> [Task] Pictures stay out of the copy. Transcribe exactly the lines from the line with "Haus Ettlingen - 4" through the final line of the records.
[Records for the task Boundary: Start]
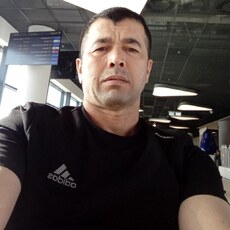 Фотография мужчины Хакимжон, 47 лет из г. Комсомольск-на-Амуре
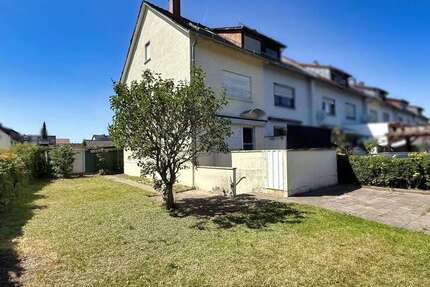 Haus Ettlingen - 4 Zimmer, 110 m&sup2;, 300.000&euro; | Angebot:25532548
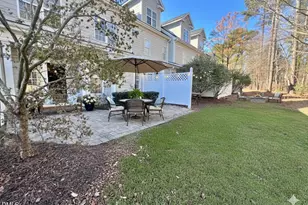 1212 Checkerberry Dr, Morrisville, NC 27560 - Photo 25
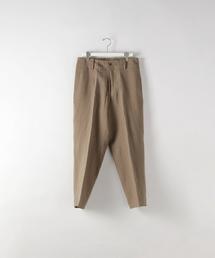 Steven Alan | ＜221Village × Steven Alan＞ LIN TROUSERS/パンツ(その他パンツ)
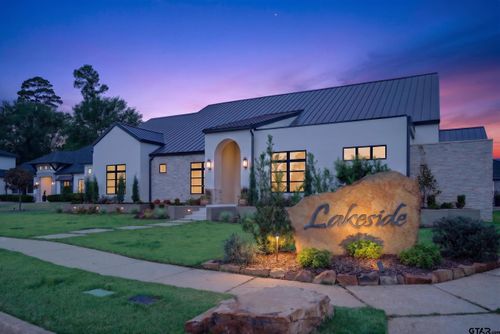7607 Lakeside Ln, Tyler, TX, 75703-0635 | Card Image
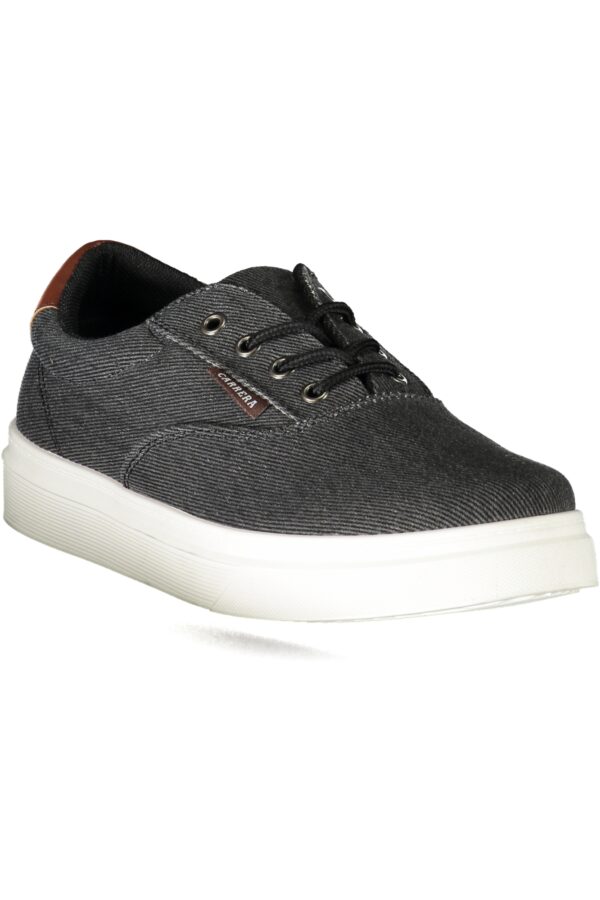 CARRERA CALZATURA SPORTIVA UOMO NERO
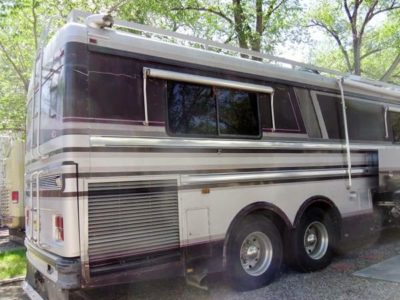 used rv for sale by owner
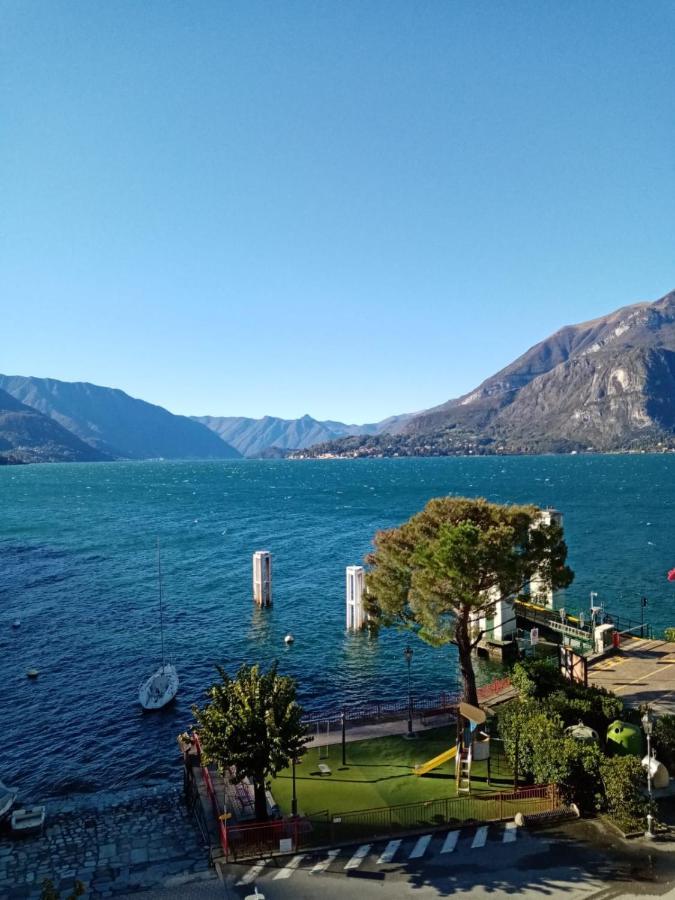 Villa Torretta Varenna Exterior foto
[Records for the task Boundary: End]
> [Result of the exercise]
 Haus Ettlingen - 4 Zimmer, 110 m&sup2;, 300.000&euro; | Angebot:25532548
 1212 Checkerberry Dr, Morrisville, NC 27560 - Photo 25
 Steven Alan | ＜221Village × Steven Alan＞ LIN TROUSERS/パンツ(その他パンツ)
7607 Lakeside Ln, Tyler, TX, 75703-0635 | Card Image
 CARRERA CALZATURA SPORTIVA UOMO NERO
 used rv for sale by owner
 Villa Torretta Varenna Exterior foto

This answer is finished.